# Here's another one for you



## pattygnsd (Jun 14, 2010)

Hi there!
We're a novice couple who bought a 125 gal tank that came with a variety of cichlids, an oscar and a red bellied pacu. 
We have since moved the pacu into a 150 gal tank because any new fish we added to the established community he would kill. He wasn't doing well alone so we purchased a parrot fish and this fellow.
http://tinypic.com/r/zk24bm/6
The woman said she could't remember what it was called. "Mai something" she said.
I think it looks a bit like a flowerhorn but she said it wasn't. Any ieas?
Thanks!
-Patty


----------



## danielratti (Feb 17, 2008)

red devil


----------



## pattygnsd (Jun 14, 2010)

WOW! Youre good! I Google Imaged them and yeah, that's exactly what it looks like. Thanks!

-Patty


----------



## MattyP (Feb 25, 2010)

Def, Red Devil


----------



## etcbrown (Nov 10, 2007)

Ummm, are you SURE that's a Pacu? Because in that shot (admittedly missing almost the entire head) it sure looks like a red bellied piranha.


----------



## a7oneal (Dec 30, 2004)

etcbrown said:


> Ummm, are you SURE that's a Pacu? Because in that shot (admittedly missing almost the entire head) it sure looks like a red bellied piranha.
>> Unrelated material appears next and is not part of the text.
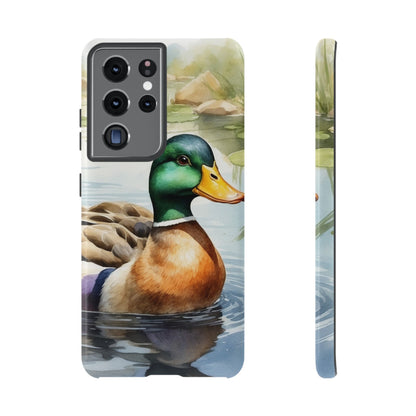 Serene Duck Reflection - Samsung Galaxy Case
You know what? I thought that, too, before I even saw your post.


----------



## clgkag (Mar 22, 2008)

Not a pacu, the sides are too "sparkly" for lack of a better word. I would go with a red belly pirahna myself.


----------



## a7oneal (Dec 30, 2004)

That would explain the pacu killing the other fish.


----------



## mia_ann (Dec 20, 2008)

That is a piranha. My husband has some that look just like that, minus the head shot, obviously. I wonder how they didn't know that when they gave it to you??? :lol:


----------



## SinisterKisses (Feb 24, 2004)

Umm yeah, that's a piranha, not a pacu. Which explains the problem. I thought it was really weird when I was reading that your pacu was killing things...


----------



## dwarfpike (Jan 22, 2008)

I've seen pacu kill things before, but not at that small of a size (when I was doing aquarium maitenence, we had a large black pacu that bit a 10" anostomus in half).

I agree that a red bellied pacu wouldn't have the iridescent on the sides like that.


----------



## GotCichlids? (May 21, 2010)

You could always net it and pull that bottom lip down and find out real quick if it a Pacu or not haha :lol:


----------



## pattygnsd (Jun 14, 2010)

BLASTED!
I gave him away because we couldn't find fish he was compatiable with. Now I want him back. After looking at pics of red bellied piranha's I realize that's exactly what he was! I don't know how to add pics like you guys do, so here is a pic of him.
http://tinypic.com/r/15rjjoz/6
-P


----------